Written By: Kara Dailey
It’s the worst kind of pain to fall madly in love with someone who lights a fire in you, only to realize that they are not always the one you will share your life with. It’s an all over body ache kind of pain, like a piece of your heart vanishes into thin air without a trace. It’s been more than two years since I’ve been in that space, but it’s not a feeling you forget.

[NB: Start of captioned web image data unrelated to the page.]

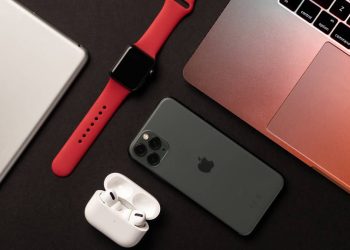 Apple can’t shield buyers from Al’s memory crunch anymore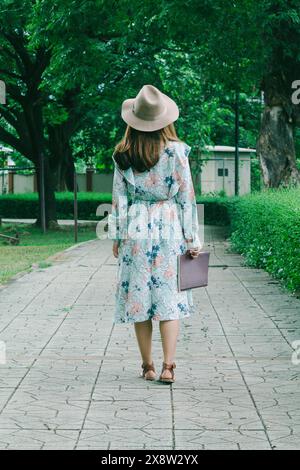 La giovane donna teneva in mano una Bibbia e cercava di imparare e comprendere gli insegnamenti di Dio dalla Bibbia che teneva. Concetti di fede e potere di Foto Stock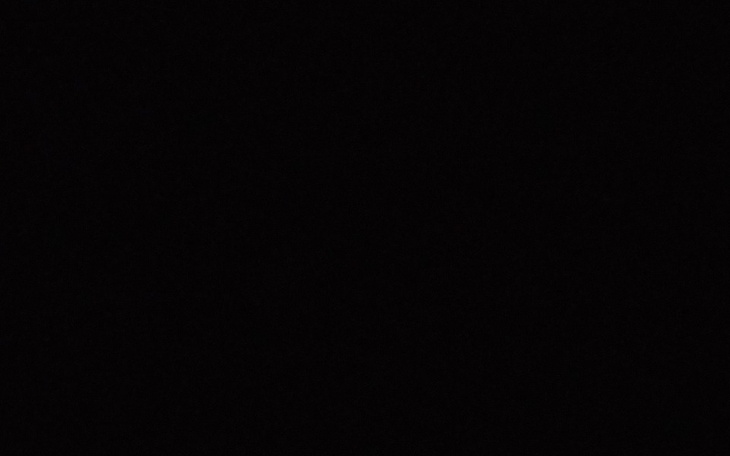 Czarny obrazek, symbolizujący brak treści lub pustkę.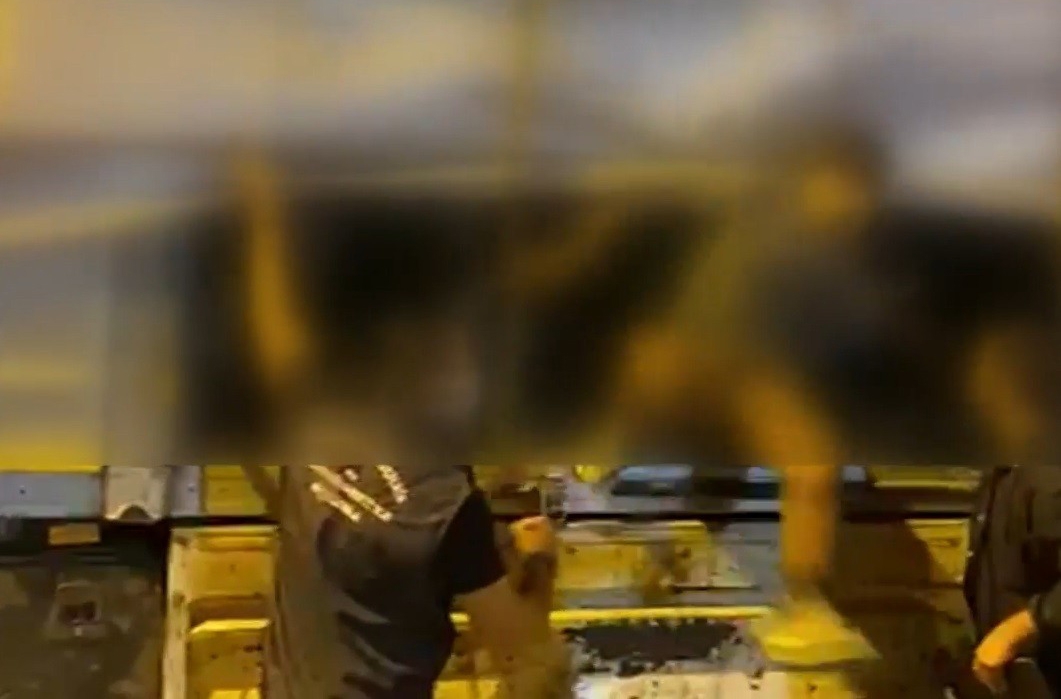 TEM’de durdurulan tırın dorsesinden 112 kaçak göçmen yakalandı: 2 tutuklama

When I first sat down to write this entry I was planning on writing about what it’s been like to be known as the perpetually single friend. Since most of my friends are in committed relationships I thought it would be funny to write about what my life’s been like since I ended my long-term relationship. I played around with taking time to acknowledge how lonely it feels to process a broken heart, but still including a lot of ‘I‘m an independent woman, I don’t need no man until he needs me’ type of shit. Then I started thinking about how I’ve changed over the past two years; how I’ve learned so much by living life alone, with myself as my first priority, addressing my personal short comings, and getting my life together. I felt good about the whole idea but when I sat down to put my heartbreak and witty one-liners into words, it hit me. One of my closest friends just chose to end her relationship with a man she truly loves and all of our recent conversations came flooding back. So I thought, instead, maybe I should write her some words of encouragement that all friends need to hear from time to time…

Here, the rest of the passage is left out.